INPUT DATA Block Start
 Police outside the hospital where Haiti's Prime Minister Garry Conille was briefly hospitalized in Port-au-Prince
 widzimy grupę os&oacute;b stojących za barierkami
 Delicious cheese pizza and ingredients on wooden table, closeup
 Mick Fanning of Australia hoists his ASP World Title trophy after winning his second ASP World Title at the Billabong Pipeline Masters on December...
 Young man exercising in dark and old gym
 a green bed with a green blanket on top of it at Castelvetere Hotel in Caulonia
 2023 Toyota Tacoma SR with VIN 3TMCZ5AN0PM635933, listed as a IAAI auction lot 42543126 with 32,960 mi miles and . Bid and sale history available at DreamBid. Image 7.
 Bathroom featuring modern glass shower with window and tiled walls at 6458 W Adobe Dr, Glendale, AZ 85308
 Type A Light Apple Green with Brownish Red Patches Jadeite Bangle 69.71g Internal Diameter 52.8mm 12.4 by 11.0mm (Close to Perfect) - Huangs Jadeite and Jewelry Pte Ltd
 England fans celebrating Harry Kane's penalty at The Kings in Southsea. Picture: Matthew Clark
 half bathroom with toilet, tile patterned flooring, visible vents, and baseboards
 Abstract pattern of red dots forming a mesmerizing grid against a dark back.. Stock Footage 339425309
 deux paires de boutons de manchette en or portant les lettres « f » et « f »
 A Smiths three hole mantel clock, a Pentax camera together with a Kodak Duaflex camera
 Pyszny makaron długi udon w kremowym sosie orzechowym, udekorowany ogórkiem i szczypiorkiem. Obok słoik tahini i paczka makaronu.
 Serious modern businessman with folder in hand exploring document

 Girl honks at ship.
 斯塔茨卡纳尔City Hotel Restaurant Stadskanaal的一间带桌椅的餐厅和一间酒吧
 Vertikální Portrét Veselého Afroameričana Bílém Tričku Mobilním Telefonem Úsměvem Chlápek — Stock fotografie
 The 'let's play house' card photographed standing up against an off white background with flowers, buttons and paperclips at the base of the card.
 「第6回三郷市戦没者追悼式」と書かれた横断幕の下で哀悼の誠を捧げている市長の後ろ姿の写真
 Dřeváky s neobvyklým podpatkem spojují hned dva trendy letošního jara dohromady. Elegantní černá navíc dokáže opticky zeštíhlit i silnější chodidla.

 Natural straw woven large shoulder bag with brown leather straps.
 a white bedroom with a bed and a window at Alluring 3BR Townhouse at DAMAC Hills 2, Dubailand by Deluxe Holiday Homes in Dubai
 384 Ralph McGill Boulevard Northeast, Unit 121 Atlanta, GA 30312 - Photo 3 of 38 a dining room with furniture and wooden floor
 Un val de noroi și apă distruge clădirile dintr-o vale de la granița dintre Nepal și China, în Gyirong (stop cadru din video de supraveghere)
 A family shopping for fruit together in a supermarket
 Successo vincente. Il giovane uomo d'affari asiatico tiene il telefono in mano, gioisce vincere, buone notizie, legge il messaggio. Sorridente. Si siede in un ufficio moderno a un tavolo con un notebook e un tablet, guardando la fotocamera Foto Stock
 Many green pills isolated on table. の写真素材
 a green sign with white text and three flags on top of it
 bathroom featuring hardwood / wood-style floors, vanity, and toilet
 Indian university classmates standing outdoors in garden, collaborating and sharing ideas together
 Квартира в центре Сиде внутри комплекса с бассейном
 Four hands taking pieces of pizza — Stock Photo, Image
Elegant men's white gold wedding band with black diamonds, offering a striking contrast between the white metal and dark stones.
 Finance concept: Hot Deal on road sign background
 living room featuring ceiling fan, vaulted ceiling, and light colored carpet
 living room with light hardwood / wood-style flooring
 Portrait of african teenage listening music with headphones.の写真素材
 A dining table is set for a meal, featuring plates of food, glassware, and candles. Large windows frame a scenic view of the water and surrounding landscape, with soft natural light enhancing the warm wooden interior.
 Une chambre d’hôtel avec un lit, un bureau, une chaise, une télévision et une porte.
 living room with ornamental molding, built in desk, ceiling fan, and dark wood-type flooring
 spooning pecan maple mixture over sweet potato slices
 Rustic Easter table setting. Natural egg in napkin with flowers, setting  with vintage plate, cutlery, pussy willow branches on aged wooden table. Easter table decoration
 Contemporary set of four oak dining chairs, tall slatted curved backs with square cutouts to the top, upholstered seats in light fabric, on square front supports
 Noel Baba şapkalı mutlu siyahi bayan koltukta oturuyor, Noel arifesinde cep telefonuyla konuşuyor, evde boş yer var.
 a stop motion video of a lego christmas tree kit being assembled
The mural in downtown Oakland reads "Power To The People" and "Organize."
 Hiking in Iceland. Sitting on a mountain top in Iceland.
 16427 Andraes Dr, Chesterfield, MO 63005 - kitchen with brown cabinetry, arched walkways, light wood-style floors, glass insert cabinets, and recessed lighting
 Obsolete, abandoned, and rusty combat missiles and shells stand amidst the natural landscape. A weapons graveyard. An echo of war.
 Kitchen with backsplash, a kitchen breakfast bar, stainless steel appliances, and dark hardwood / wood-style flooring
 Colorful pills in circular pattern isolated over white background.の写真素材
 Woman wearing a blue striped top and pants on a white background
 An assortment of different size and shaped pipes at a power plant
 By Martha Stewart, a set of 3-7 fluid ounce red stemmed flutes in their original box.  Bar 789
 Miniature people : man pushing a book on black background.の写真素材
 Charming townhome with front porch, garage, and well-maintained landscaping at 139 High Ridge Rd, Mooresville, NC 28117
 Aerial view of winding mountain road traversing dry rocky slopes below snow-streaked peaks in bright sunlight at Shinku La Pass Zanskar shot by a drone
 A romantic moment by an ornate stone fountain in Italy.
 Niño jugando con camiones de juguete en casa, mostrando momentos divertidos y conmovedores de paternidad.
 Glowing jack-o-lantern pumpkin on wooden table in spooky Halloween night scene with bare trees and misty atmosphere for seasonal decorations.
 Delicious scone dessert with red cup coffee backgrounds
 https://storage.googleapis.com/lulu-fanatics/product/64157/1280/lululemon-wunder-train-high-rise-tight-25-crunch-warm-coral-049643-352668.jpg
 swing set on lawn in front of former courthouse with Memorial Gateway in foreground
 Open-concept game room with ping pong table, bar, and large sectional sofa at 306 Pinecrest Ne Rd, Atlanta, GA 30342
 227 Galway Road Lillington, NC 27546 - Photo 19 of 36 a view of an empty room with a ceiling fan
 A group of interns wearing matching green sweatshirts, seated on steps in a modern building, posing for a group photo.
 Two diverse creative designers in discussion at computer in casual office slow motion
INPUT DATA Block End
• [TASK DETAILS]:
Word for word, restate all of the records.

• [WRITTEN ANSWER]:
 Police outside the hospital where Haiti's Prime Minister Garry Conille was briefly hospitalized in Port-au-Prince
 widzimy grupę os&oacute;b stojących za barierkami
 Delicious cheese pizza and ingredients on wooden table, closeup
 Mick Fanning of Australia hoists his ASP World Title trophy after winning his second ASP World Title at the Billabong Pipeline Masters on December...
 Young man exercising in dark and old gym
 a green bed with a green blanket on top of it at Castelvetere Hotel in Caulonia
 2023 Toyota Tacoma SR with VIN 3TMCZ5AN0PM635933, listed as a IAAI auction lot 42543126 with 32,960 mi miles and . Bid and sale history available at DreamBid. Image 7.
 Bathroom featuring modern glass shower with window and tiled walls at 6458 W Adobe Dr, Glendale, AZ 85308
 Type A Light Apple Green with Brownish Red Patches Jadeite Bangle 69.71g Internal Diameter 52.8mm 12.4 by 11.0mm (Close to Perfect) - Huangs Jadeite and Jewelry Pte Ltd
 England fans celebrating Harry Kane's penalty at The Kings in Southsea. Picture: Matthew Clark
 half bathroom with toilet, tile patterned flooring, visible vents, and baseboards
 Abstract pattern of red dots forming a mesmerizing grid against a dark back.. Stock Footage 339425309
 deux paires de boutons de manchette en or portant les lettres « f » et « f »
 A Smiths three hole mantel clock, a Pentax camera together with a Kodak Duaflex camera
 Pyszny makaron długi udon w kremowym sosie orzechowym, udekorowany ogórkiem i szczypiorkiem. Obok słoik tahini i paczka makaronu.
 Serious modern businessman with folder in hand exploring document

 Girl honks at ship.
 斯塔茨卡纳尔City Hotel Restaurant Stadskanaal的一间带桌椅的餐厅和一间酒吧
 Vertikální Portrét Veselého Afroameričana Bílém Tričku Mobilním Telefonem Úsměvem Chlápek — Stock fotografie
 The 'let's play house' card photographed standing up against an off white background with flowers, buttons and paperclips at the base of the card.
 「第6回三郷市戦没者追悼式」と書かれた横断幕の下で哀悼の誠を捧げている市長の後ろ姿の写真
 Dřeváky s neobvyklým podpatkem spojují hned dva trendy letošního jara dohromady. Elegantní černá navíc dokáže opticky zeštíhlit i silnější chodidla.

 Natural straw woven large shoulder bag with brown leather straps.
 a white bedroom with a bed and a window at Alluring 3BR Townhouse at DAMAC Hills 2, Dubailand by Deluxe Holiday Homes in Dubai
 384 Ralph McGill Boulevard Northeast, Unit 121 Atlanta, GA 30312 - Photo 3 of 38 a dining room with furniture and wooden floor
 Un val de noroi și apă distruge clădirile dintr-o vale de la granița dintre Nepal și China, în Gyirong (stop cadru din video de supraveghere)
 A family shopping for fruit together in a supermarket
 Successo vincente. Il giovane uomo d'affari asiatico tiene il telefono in mano, gioisce vincere, buone notizie, legge il messaggio. Sorridente. Si siede in un ufficio moderno a un tavolo con un notebook e un tablet, guardando la fotocamera Foto Stock
 Many green pills isolated on table. の写真素材
 a green sign with white text and three flags on top of it
 bathroom featuring hardwood / wood-style floors, vanity, and toilet
 Indian university classmates standing outdoors in garden, collaborating and sharing ideas together
 Квартира в центре Сиде внутри комплекса с бассейном
 Four hands taking pieces of pizza — Stock Photo, Image
Elegant men's white gold wedding band with black diamonds, offering a striking contrast between the white metal and dark stones.
 Finance concept: Hot Deal on road sign background
 living room featuring ceiling fan, vaulted ceiling, and light colored carpet
 living room with light hardwood / wood-style flooring
 Portrait of african teenage listening music with headphones.の写真素材
 A dining table is set for a meal, featuring plates of food, glassware, and candles. Large windows frame a scenic view of the water and surrounding landscape, with soft natural light enhancing the warm wooden interior.
 Une chambre d’hôtel avec un lit, un bureau, une chaise, une télévision et une porte.
 living room with ornamental molding, built in desk, ceiling fan, and dark wood-type flooring
 spooning pecan maple mixture over sweet potato slices
 Rustic Easter table setting. Natural egg in napkin with flowers, setting  with vintage plate, cutlery, pussy willow branches on aged wooden table. Easter table decoration
 Contemporary set of four oak dining chairs, tall slatted curved backs with square cutouts to the top, upholstered seats in light fabric, on square front supports
 Noel Baba şapkalı mutlu siyahi bayan koltukta oturuyor, Noel arifesinde cep telefonuyla konuşuyor, evde boş yer var.
 a stop motion video of a lego christmas tree kit being assembled
The mural in downtown Oakland reads "Power To The People" and "Organize."
 Hiking in Iceland. Sitting on a mountain top in Iceland.
 16427 Andraes Dr, Chesterfield, MO 63005 - kitchen with brown cabinetry, arched walkways, light wood-style floors, glass insert cabinets, and recessed lighting
 Obsolete, abandoned, and rusty combat missiles and shells stand amidst the natural landscape. A weapons graveyard. An echo of war.
 Kitchen with backsplash, a kitchen breakfast bar, stainless steel appliances, and dark hardwood / wood-style flooring
 Colorful pills in circular pattern isolated over white background.の写真素材
 Woman wearing a blue striped top and pants on a white background
 An assortment of different size and shaped pipes at a power plant
 By Martha Stewart, a set of 3-7 fluid ounce red stemmed flutes in their original box.  Bar 789
 Miniature people : man pushing a book on black background.の写真素材
 Charming townhome with front porch, garage, and well-maintained landscaping at 139 High Ridge Rd, Mooresville, NC 28117
 Aerial view of winding mountain road traversing dry rocky slopes below snow-streaked peaks in bright sunlight at Shinku La Pass Zanskar shot by a drone
 A romantic moment by an ornate stone fountain in Italy.
 Niño jugando con camiones de juguete en casa, mostrando momentos divertidos y conmovedores de paternidad.
 Glowing jack-o-lantern pumpkin on wooden table in spooky Halloween night scene with bare trees and misty atmosphere for seasonal decorations.
 Delicious scone dessert with red cup coffee backgrounds
 https://storage.googleapis.com/lulu-fanatics/product/64157/1280/lululemon-wunder-train-high-rise-tight-25-crunch-warm-coral-049643-352668.jpg
 swing set on lawn in front of former courthouse with Memorial Gateway in foreground
 Open-concept game room with ping pong table, bar, and large sectional sofa at 306 Pinecrest Ne Rd, Atlanta, GA 30342
 227 Galway Road Lillington, NC 27546 - Photo 19 of 36 a view of an empty room with a ceiling fan
 A group of interns wearing matching green sweatshirts, seated on steps in a modern building, posing for a group photo.
 Two diverse creative designers in discussion at computer in casual office slow motion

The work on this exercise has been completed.